Breger presented in the panel on Constitutionalism together with Dr. Marzieh Tofighi Darian of Princeton University and Professor Shai Lavi, Professor of Law, head of the Van Leer Jerusalem Institute, co-director of the Minerva Center for the Interdisciplinary Study of End of Life at Tel Aviv University.
Breger raised the problem of the interpretation of iconic and canonical religious texts. Is the interpretation of those texts “fixed” or even “ordained,” or do they change in different geographical and political contexts? In particular he addressed the interpretation of Jewish law texts from the perspective of the needs of Zionism. He considered the opinions of law decisers like Chief Rabbi Isaac Herzog and Rabbi Ben-Zion Meir Hai Uziel, who interpreted Jewish law from the situational perspective of the state of Israel.
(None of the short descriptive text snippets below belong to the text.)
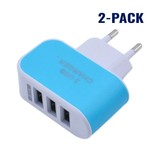 Stuff Certified® 2-Pack  Triple (3x) USB Port iPhone/Android Muur Oplader Wallcharger Blauw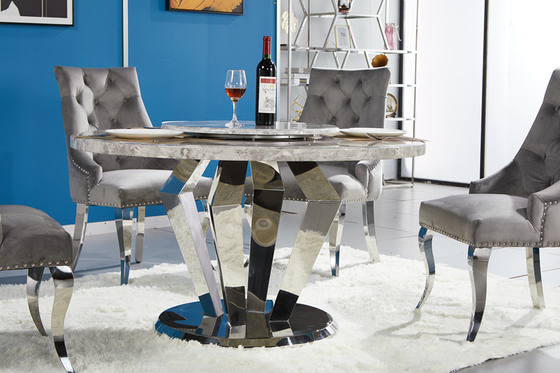 Meja Makan Modern Mewah Marmer Atas Meja Makan Stainless Steel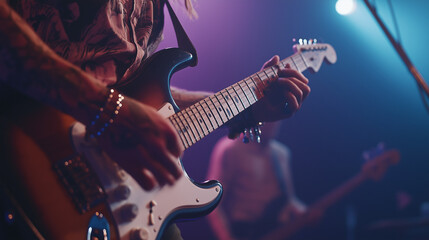 Obraz premium Electric Guitar Performance on Stage with Vibrant Concert Lighting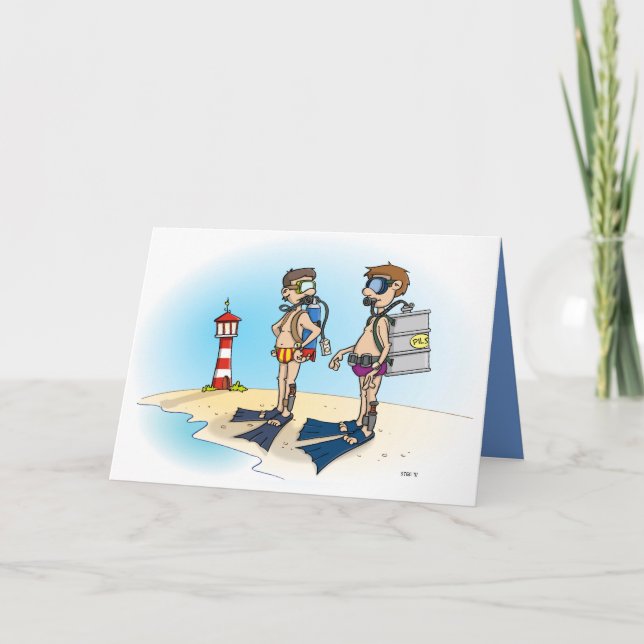 Tarjeta De Agradecimiento Cartoon; Op duikvakantie gaan. kaart (Anverso)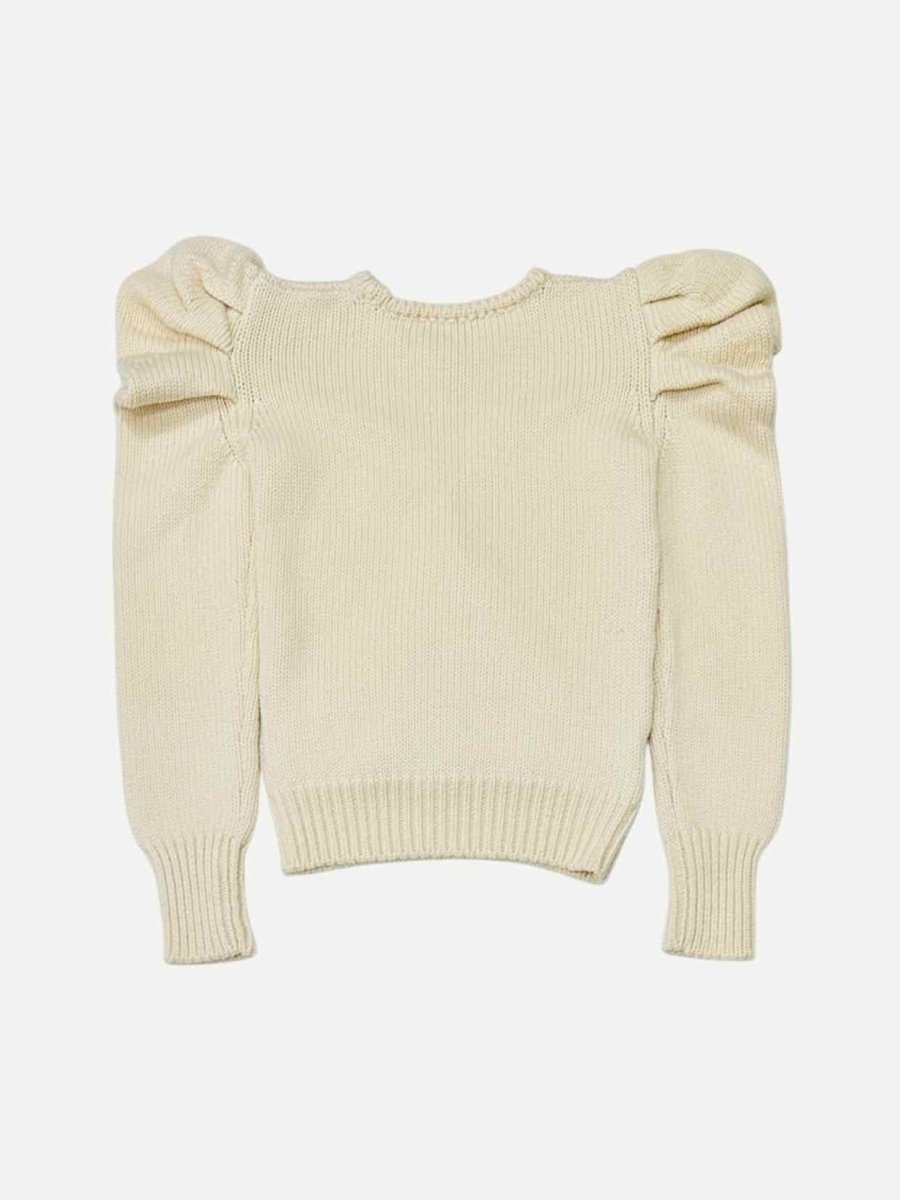 Pre - loved VIOLANTE NESSI Puff Sleeve Cream Jumper at Reems Closet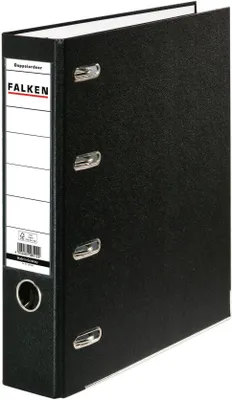 Produktbild von Falken 10x PP-Doppelordner A4, Rücken 70mm, + Einsteckschild, Schwarz, 11285343F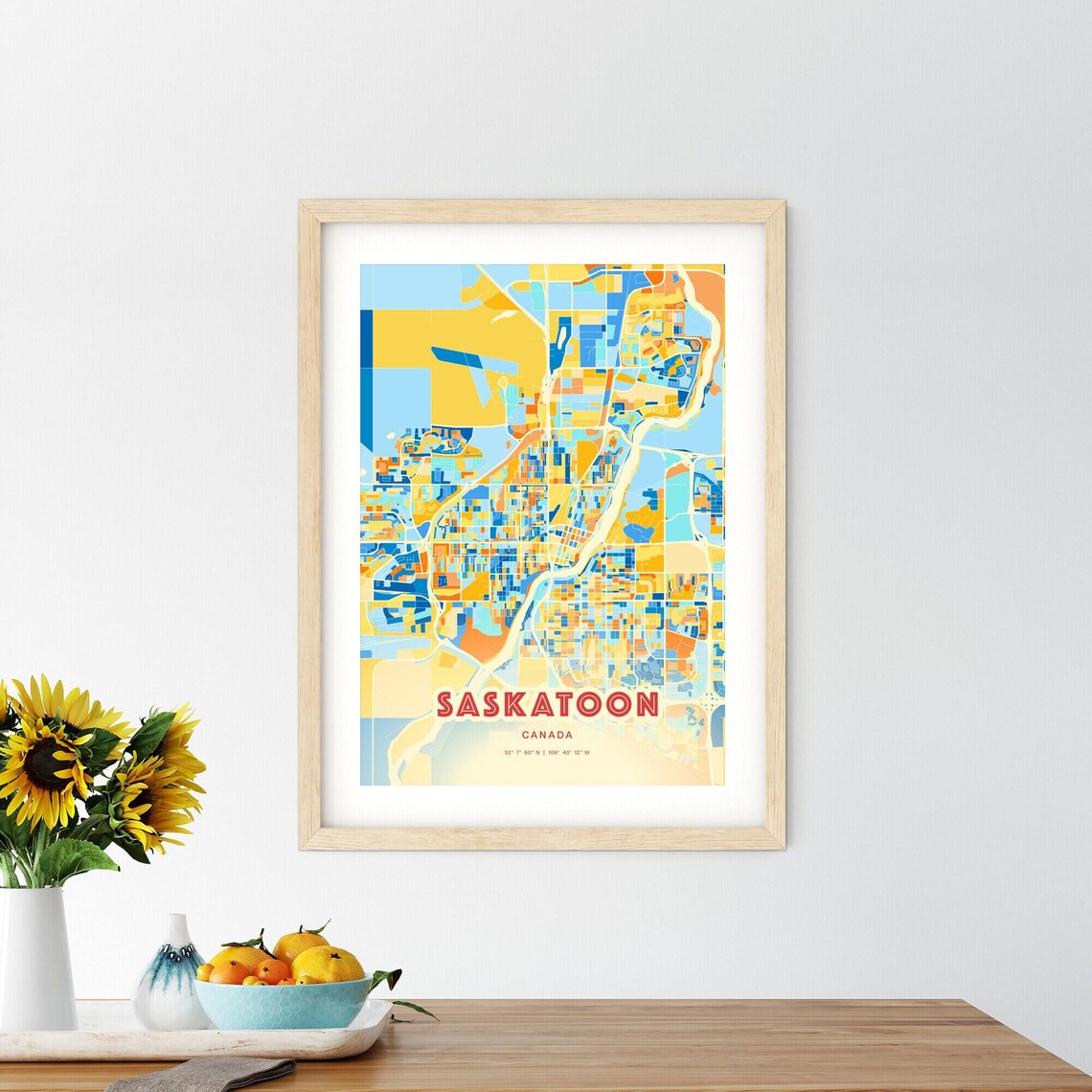 Saskatoon Canada Colorful Blue Orange City Map Art Poster Gift - Image 2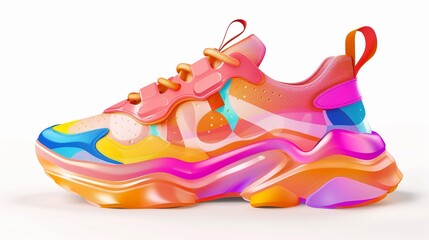 colorful sports sneaker on a white background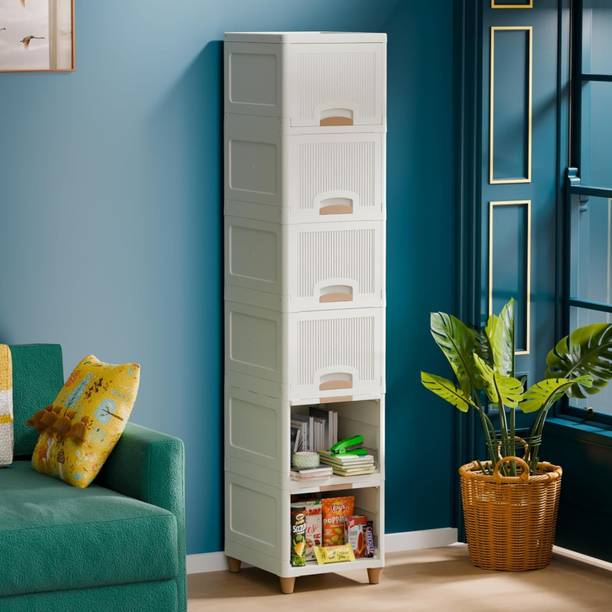 trendytom Foldable Modular Wardrobe Cabinet | Space Saving Storage Organizer Plastic Free Standing Cabinet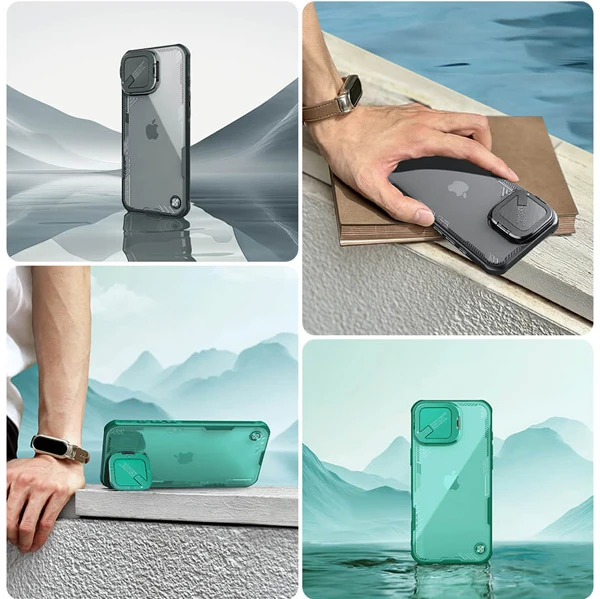 خرید قاب کریستالی کمرا استند iPhone 16 Plus مارک نیلکین مدل Iceblade Prop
Thus his presentation raised the problem of how iconic texts are to be interpreted in the context of time and place. This colloquium is part of a movement in legal philosophy to consider the reasoning process of religious legal systems. The colloquium considered topics as varied as gender, theocracy, clerical authority, violence, and natural law in both legal traditions. It will culminate in a volume on ‘Reasoning in Jewish and Shia Legal systems.’